(Records from a dataset)
● ● ● ●
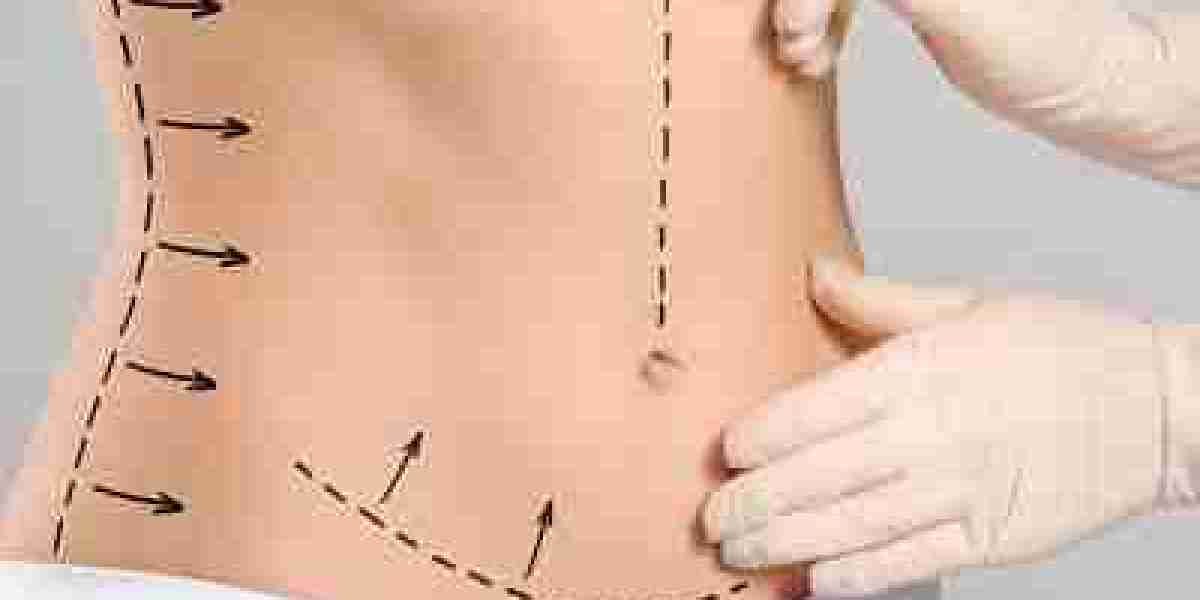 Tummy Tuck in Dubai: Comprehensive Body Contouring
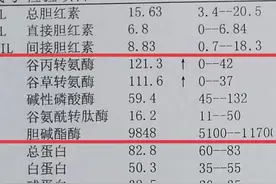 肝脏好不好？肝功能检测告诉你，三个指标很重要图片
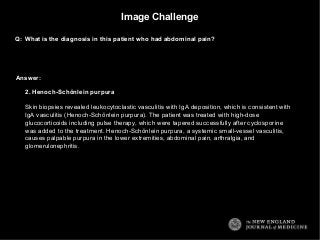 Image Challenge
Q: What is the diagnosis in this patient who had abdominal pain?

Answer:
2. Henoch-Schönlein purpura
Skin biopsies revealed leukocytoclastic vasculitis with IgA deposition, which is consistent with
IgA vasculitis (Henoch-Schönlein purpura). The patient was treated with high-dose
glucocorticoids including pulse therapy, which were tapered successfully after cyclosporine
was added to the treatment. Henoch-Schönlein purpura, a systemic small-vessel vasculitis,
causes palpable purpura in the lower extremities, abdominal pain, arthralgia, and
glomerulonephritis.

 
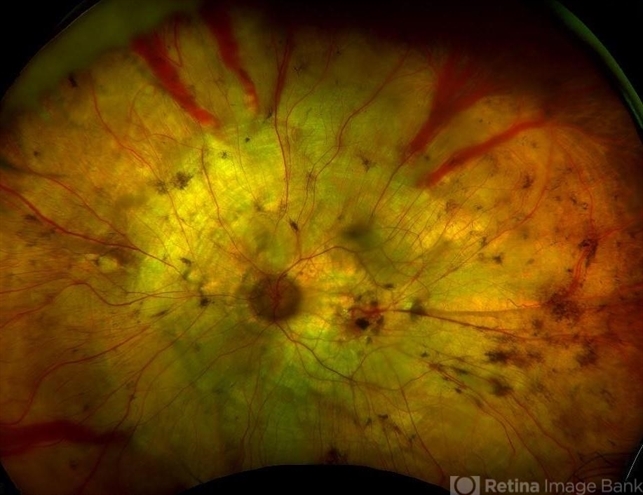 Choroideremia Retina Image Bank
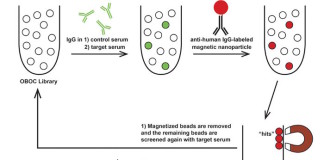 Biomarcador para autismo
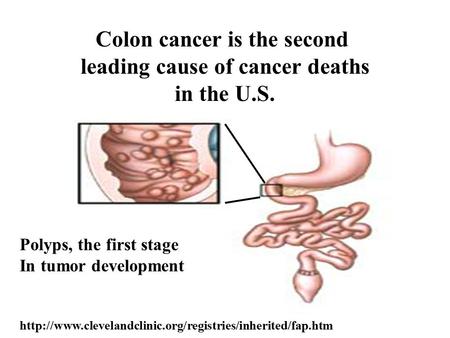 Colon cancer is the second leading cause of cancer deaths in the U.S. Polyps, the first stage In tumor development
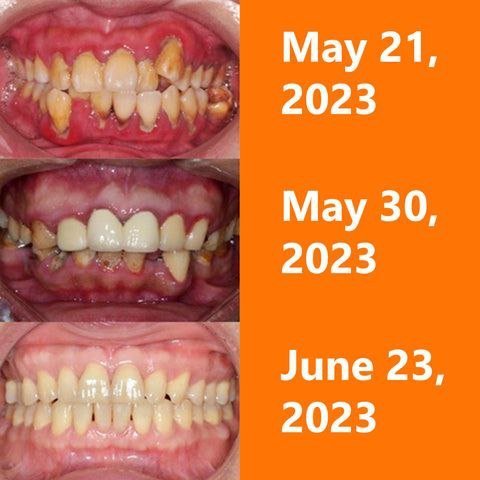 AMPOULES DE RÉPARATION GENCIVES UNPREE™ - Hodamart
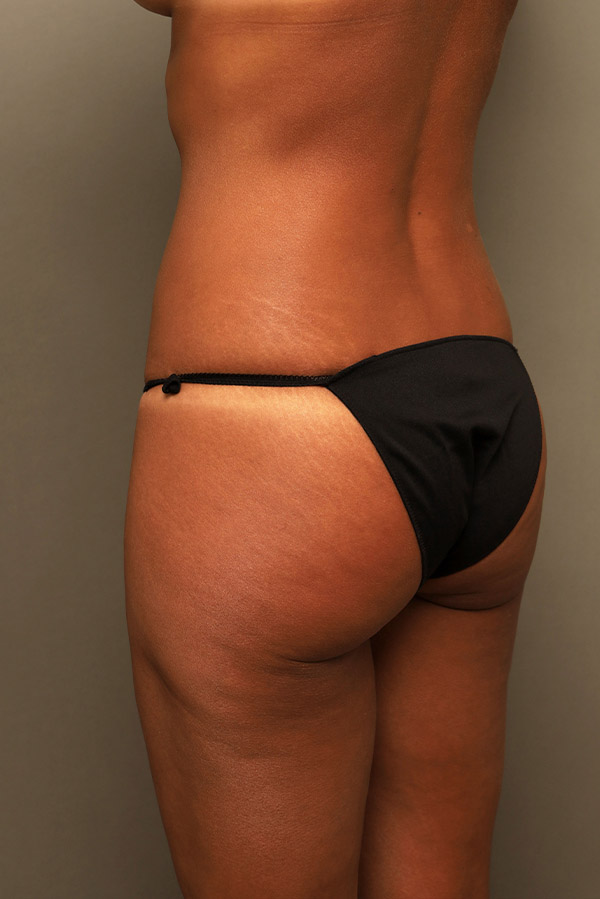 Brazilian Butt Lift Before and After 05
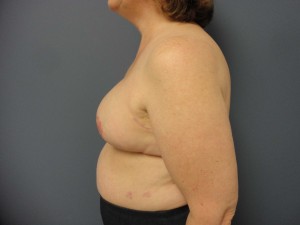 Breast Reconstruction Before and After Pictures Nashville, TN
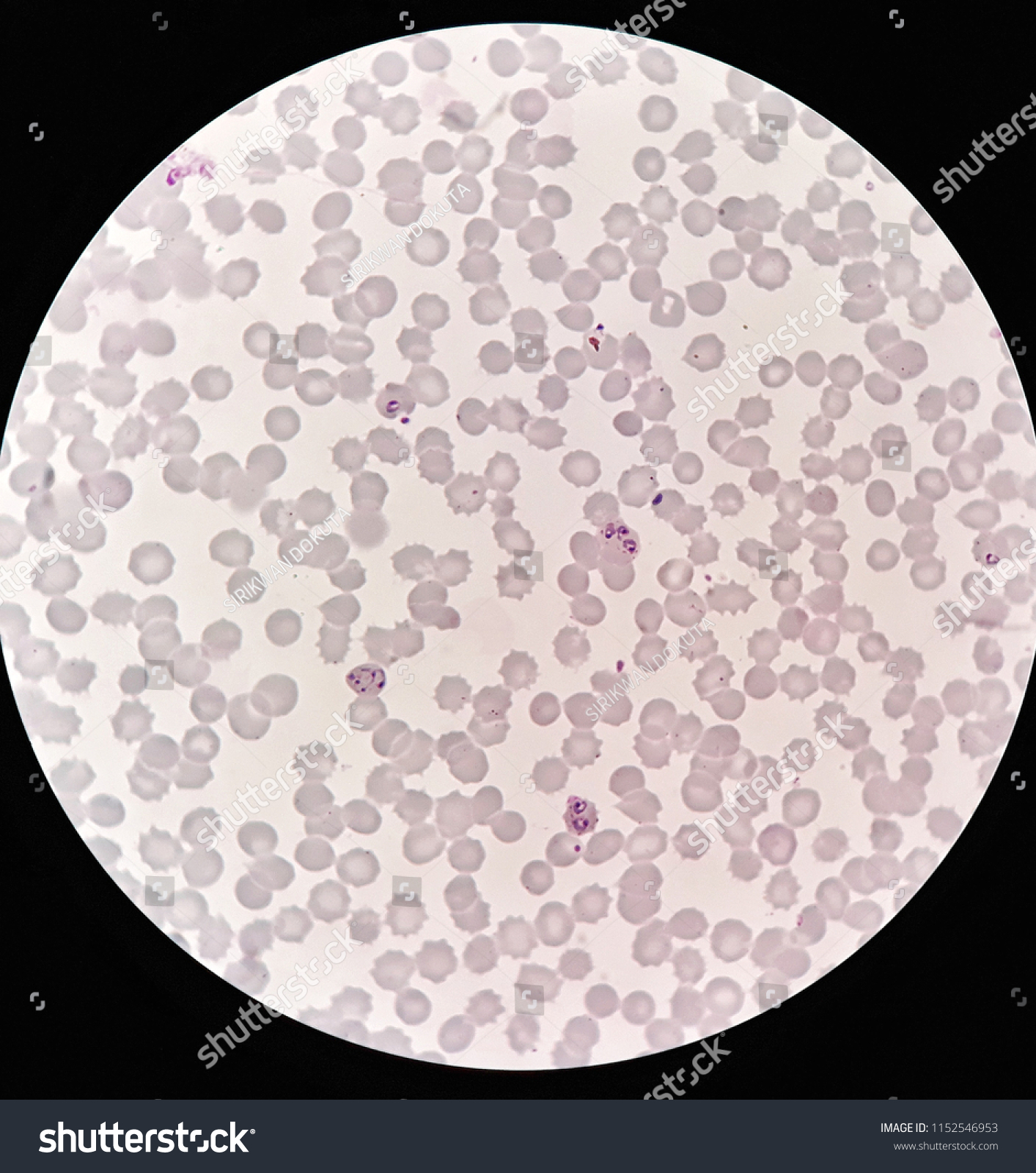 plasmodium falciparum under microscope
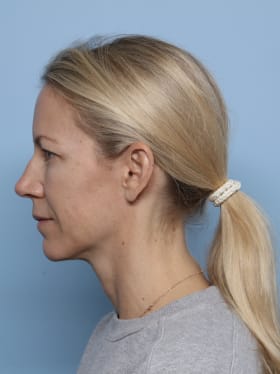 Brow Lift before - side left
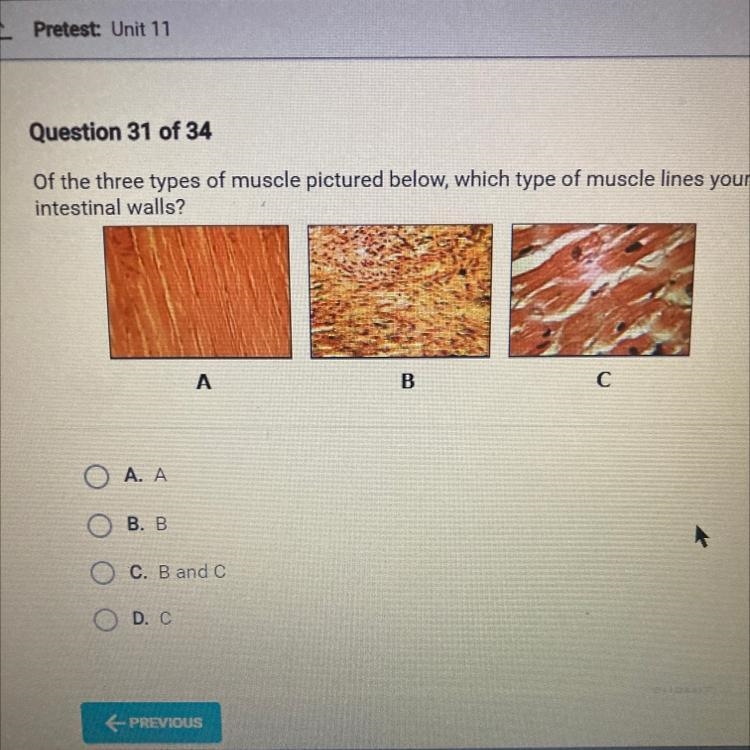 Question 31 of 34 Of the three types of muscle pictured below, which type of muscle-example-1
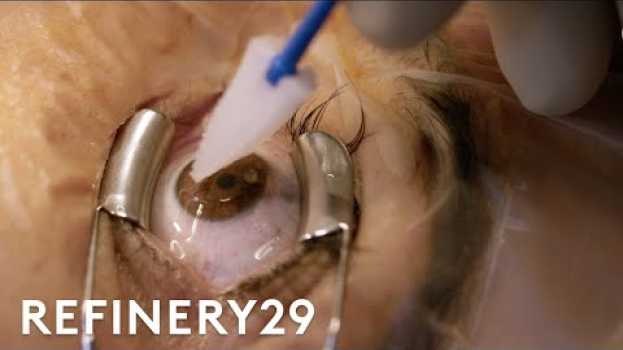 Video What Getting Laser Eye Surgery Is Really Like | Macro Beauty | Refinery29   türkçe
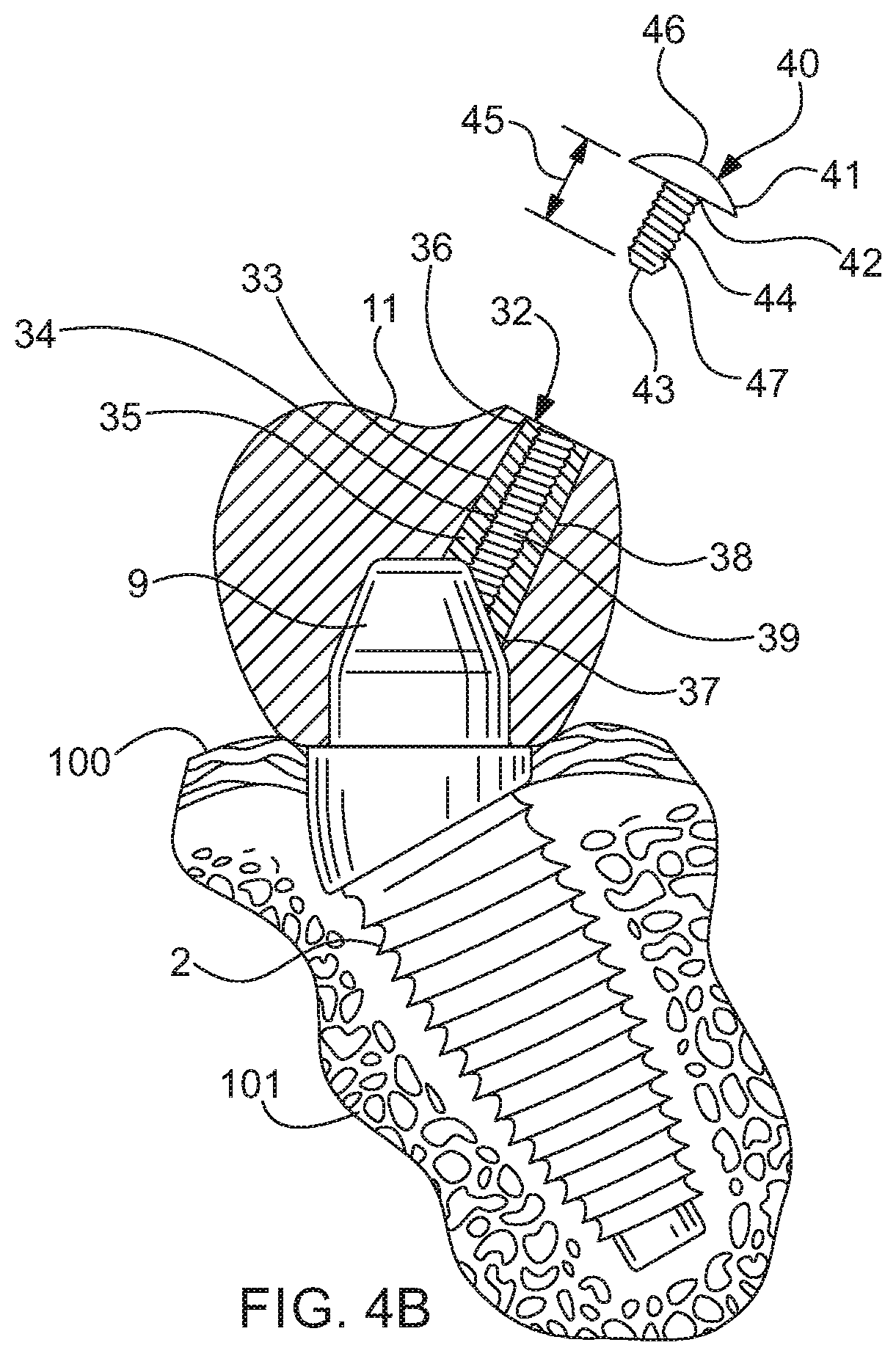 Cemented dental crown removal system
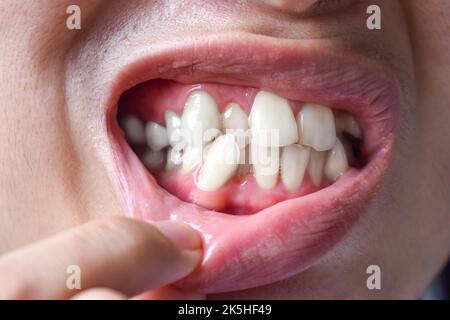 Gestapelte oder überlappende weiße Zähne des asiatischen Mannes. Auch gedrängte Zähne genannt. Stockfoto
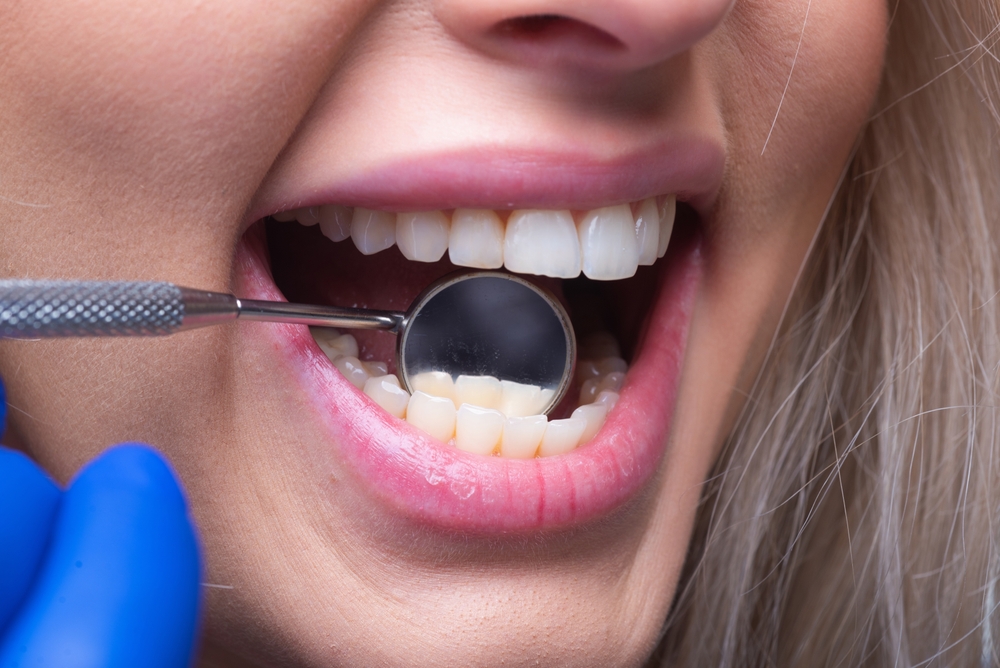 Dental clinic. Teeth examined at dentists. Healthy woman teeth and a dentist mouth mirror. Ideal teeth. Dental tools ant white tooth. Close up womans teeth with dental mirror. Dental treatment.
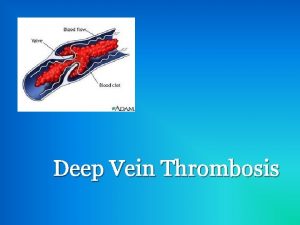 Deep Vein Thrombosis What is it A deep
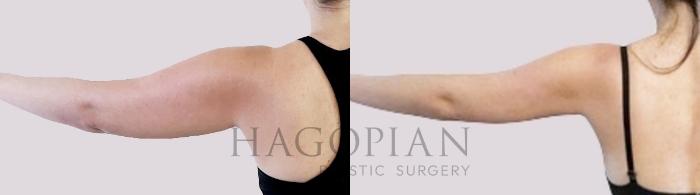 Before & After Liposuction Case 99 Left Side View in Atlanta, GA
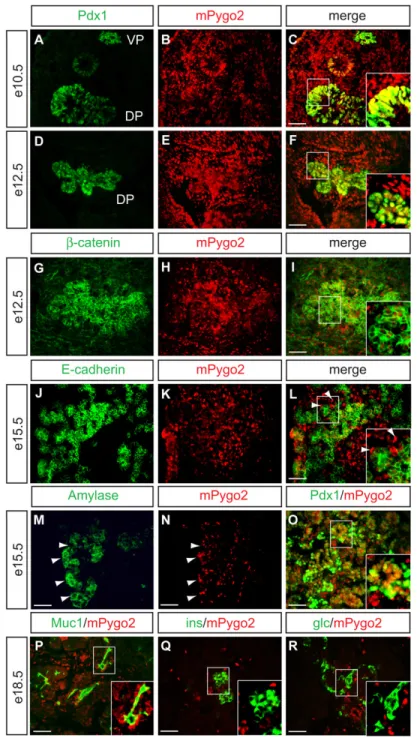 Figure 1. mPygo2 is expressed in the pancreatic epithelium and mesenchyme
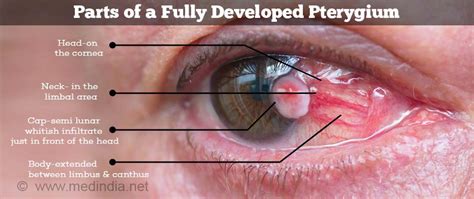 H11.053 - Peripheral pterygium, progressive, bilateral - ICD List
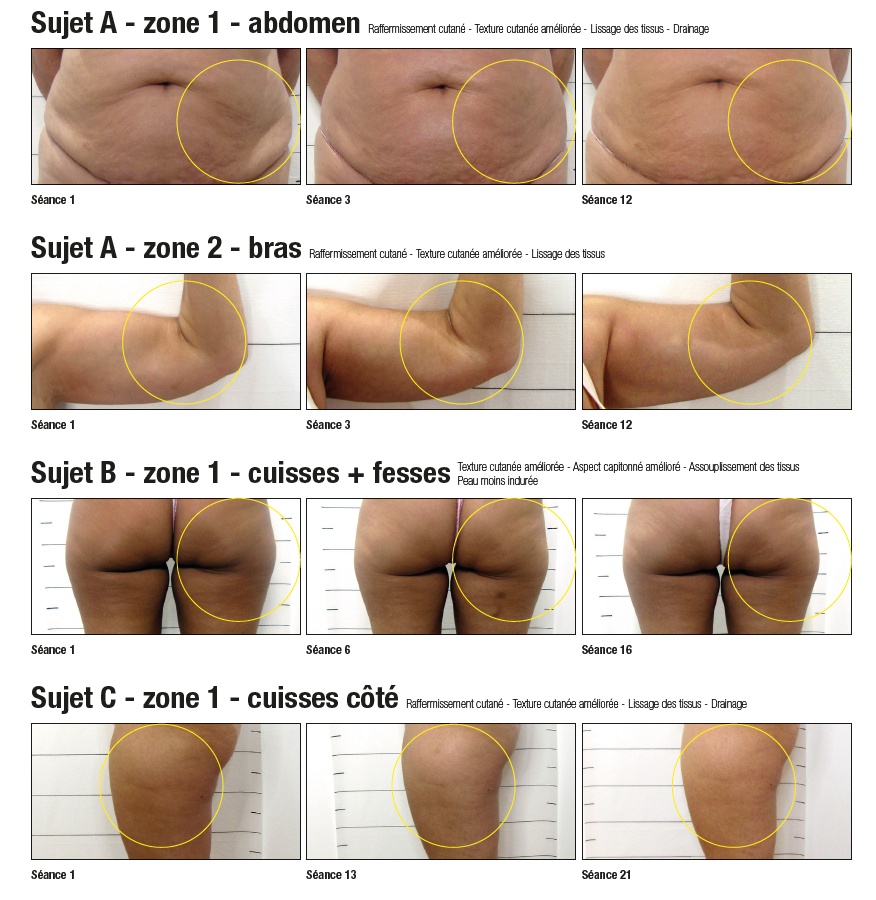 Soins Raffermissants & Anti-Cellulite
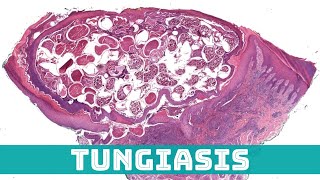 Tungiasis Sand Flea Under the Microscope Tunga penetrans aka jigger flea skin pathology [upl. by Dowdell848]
● ● ● ●
* AIM OF THE EXERCISE *
Return each line of the data, keeping its wording exact and omitting pictures.

* TASK RESULT *
 Tummy Tuck in Dubai: Comprehensive Body Contouring
 肝脏好不好？肝功能检测告诉你，三个指标很重要图片
 Image Challenge
Q: What is the diagnosis in this patient who had abdominal pain?

Answer:
2. Henoch-Schönlein purpura
Skin biopsies revealed leukocytoclastic vasculitis with IgA deposition, which is consistent with
IgA vasculitis (Henoch-Schönlein purpura). The patient was treated with high-dose
glucocorticoids including pulse therapy, which were tapered successfully after cyclosporine
was added to the treatment. Henoch-Schönlein purpura, a systemic small-vessel vasculitis,
causes palpable purpura in the lower extremities, abdominal pain, arthralgia, and
glomerulonephritis.

 
 Choroideremia Retina Image Bank
 Biomarcador para autismo
 Colon cancer is the second leading cause of cancer deaths in the U.S. Polyps, the first stage In tumor development
 AMPOULES DE RÉPARATION GENCIVES UNPREE™ - Hodamart
 Brazilian Butt Lift Before and After 05
 Breast Reconstruction Before and After Pictures Nashville, TN
 plasmodium falciparum under microscope
 Brow Lift before - side left
 Question 31 of 34 Of the three types of muscle pictured below, which type of muscle-example-1
 Video What Getting Laser Eye Surgery Is Really Like | Macro Beauty | Refinery29   türkçe
 Cemented dental crown removal system
 Gestapelte oder überlappende weiße Zähne des asiatischen Mannes. Auch gedrängte Zähne genannt. Stockfoto
 Dental clinic. Teeth examined at dentists. Healthy woman teeth and a dentist mouth mirror. Ideal teeth. Dental tools ant white tooth. Close up womans teeth with dental mirror. Dental treatment.
 Deep Vein Thrombosis What is it A deep
 Before & After Liposuction Case 99 Left Side View in Atlanta, GA
 Figure 1. mPygo2 is expressed in the pancreatic epithelium and mesenchyme
 H11.053 - Peripheral pterygium, progressive, bilateral - ICD List
 Soins Raffermissants & Anti-Cellulite
 Tungiasis Sand Flea Under the Microscope Tunga penetrans aka jigger flea skin pathology [upl. by Dowdell848]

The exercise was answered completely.